Slack is rolling out the product updates as competition mushrooms in the workplace messaging market, fueled in part by Slack’s own success. Facebook Inc, Microsoft Corp, Alphabet Inc’s Google, and Cisco Systems Inc are piling in with new offerings.

“We believe this is the most important thing we’ve done since launching Slack itself,” April Underwood, Slack’s vice president of product, said.

Privately held Slack now has more than 6 million daily active users and more than 2 million paid users, up from 5 million users and 1.5 million paid users in January. The two products are intended to drive Slack’s user adoption around the globe.

Over half of Slack’s users are based outside of the United States, Chief Executive Stewart Butterfield said, and the company hopes to see greater global growth by adding support for French, German, Spanish and Japanese.

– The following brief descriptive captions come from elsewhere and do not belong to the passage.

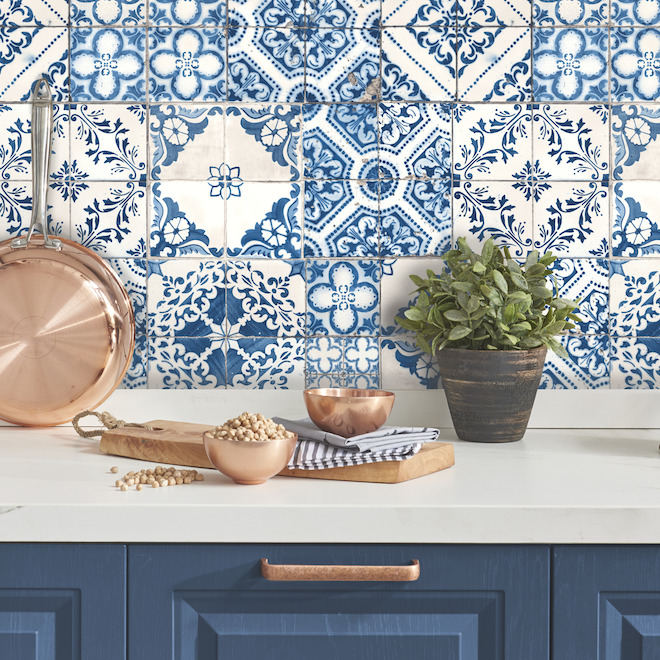 Mediterranean Tile Wallpaper - Blue - 20.5" x 16.5'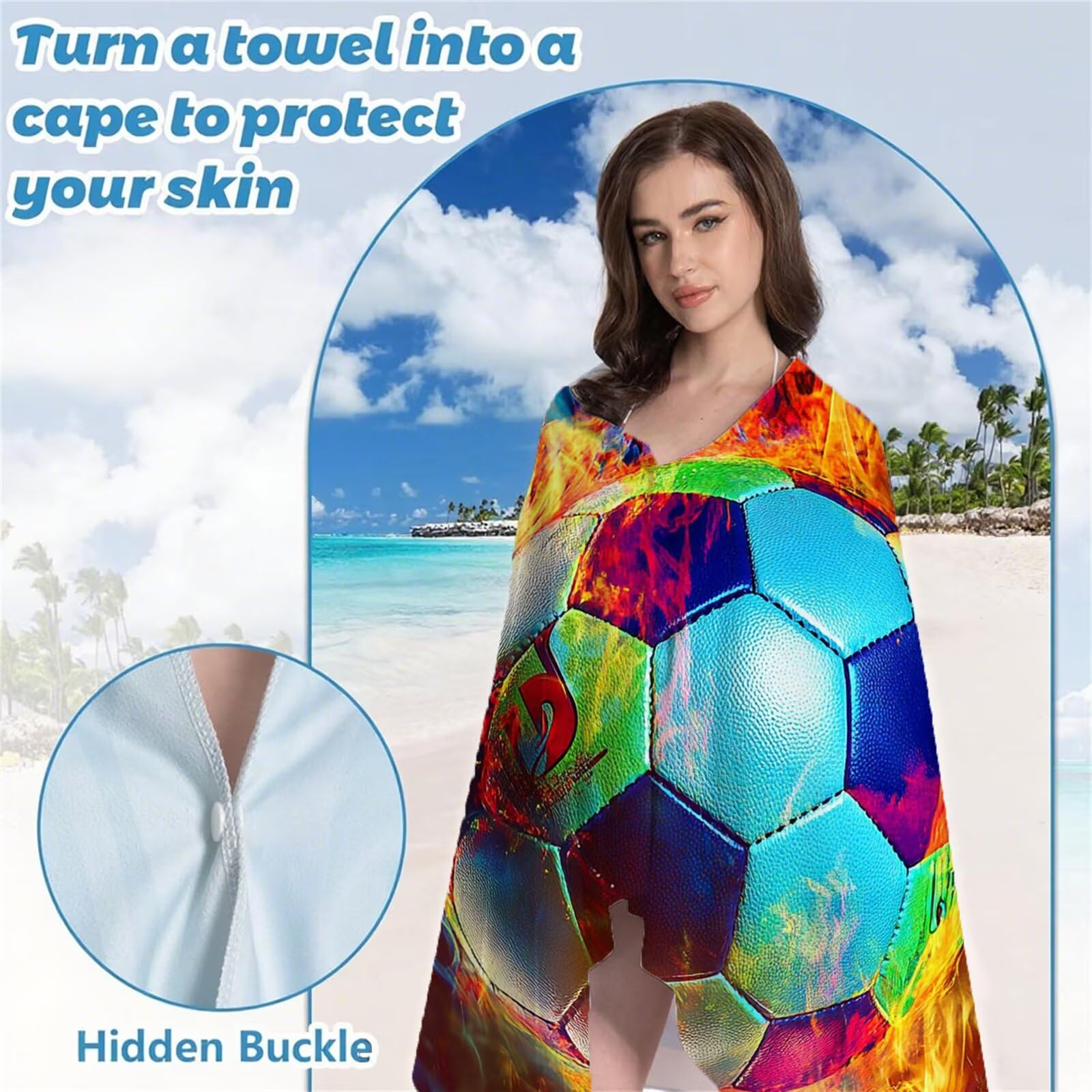 Serviette de Plage XXL 220x100 cm Anti Sable et Séchage Rapide Microfibre Drap de Plage Serviette de Bain Grande Taille Drap de Bain pour Homme Femme Voyages Natation Camping Pique Nique Football S-83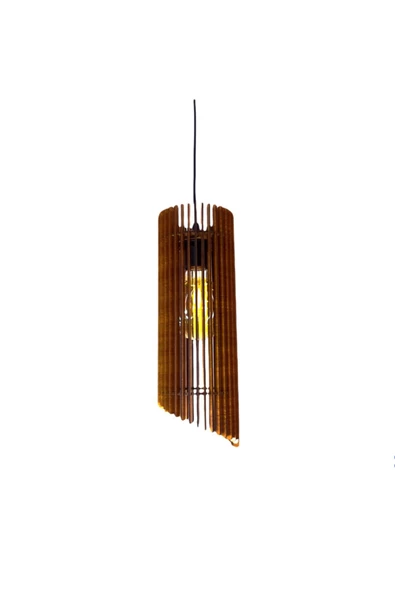 hü ma tasarım ve aksesuarModern Tasarım Tornado Doğal Ahşap Mdf Lazer Kesim Rustik Salon Avize - 4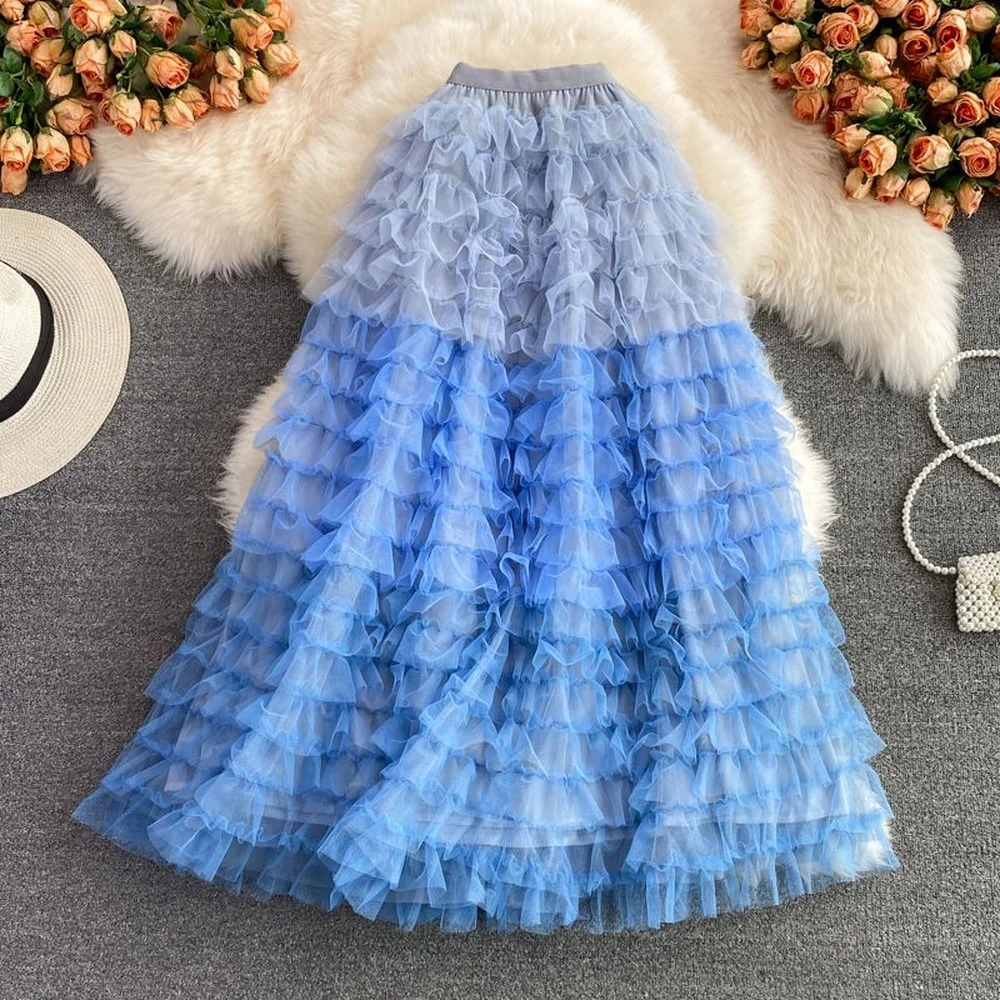 

Luxury Chiffon Skirts Midi Jupe Femme 2022 New Spring Summer Feather Tassel Patchwork High Waist Elegant Slim Long Maxi Skirt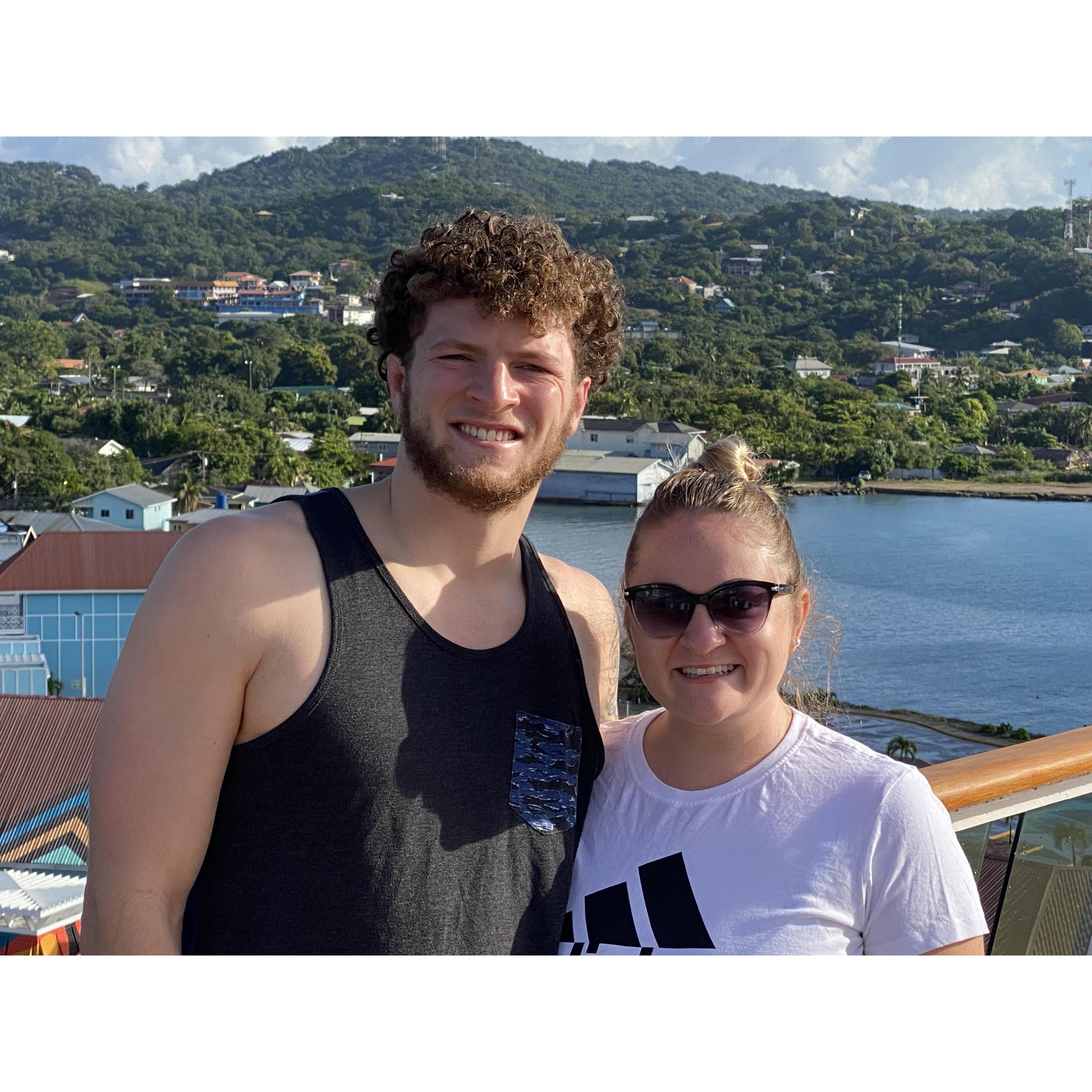 Our first vacation engaged. We took this photo in Honduras.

The new Shared Channels feature allows users of Slack’s Standard and Plus plans to create group chats with users from their company as well as those of another organization, such as a vendor or a major customer.

“No company is an island,” Underwood said.

It is a theme that has mobilized Slack’s competition too. Since launching last year, Facebook’s Workplace product has allowed for external collaboration. Similarly, Microsoft’s Teams product this week added a feature so that organizations can grant individual guest access to their team group chats.

“Shared Channels keeps Slack further ahead of other real-time chat providers who don’t make this nearly as simple,” said Andy Pflaum, co-founder of Astro, a Palo Alto startup whose technology lets users read their email through Slack.

The team collaborative applications market grew 13.6 percent from 2015 to 2016 and is expected to be worth more than $22 billion by 2021, according to IDC, the marketing consulting firm.

IDC estimates that Slack generated $102 million in revenue in 2016, up 242 percent from 2015. Microsoft remains the leader in the space with 36.8 percent market share compared to Slack’s 5.3 percent hold, according to IDC.

Butterfield says Slack’s customer base grows any time a company starts to use the software.

“Once it spreads inside a company, there’s a strong incentive for people to join, but there will be now a strong incentive for new companies to join,” he said.

Shared Channels, however, are not yet supported for the enterprise version of Slack.

“Shared Channels is a great idea, but today’s announcement is quite limited,” said Alan Lepofsky, analyst with Constellation Research.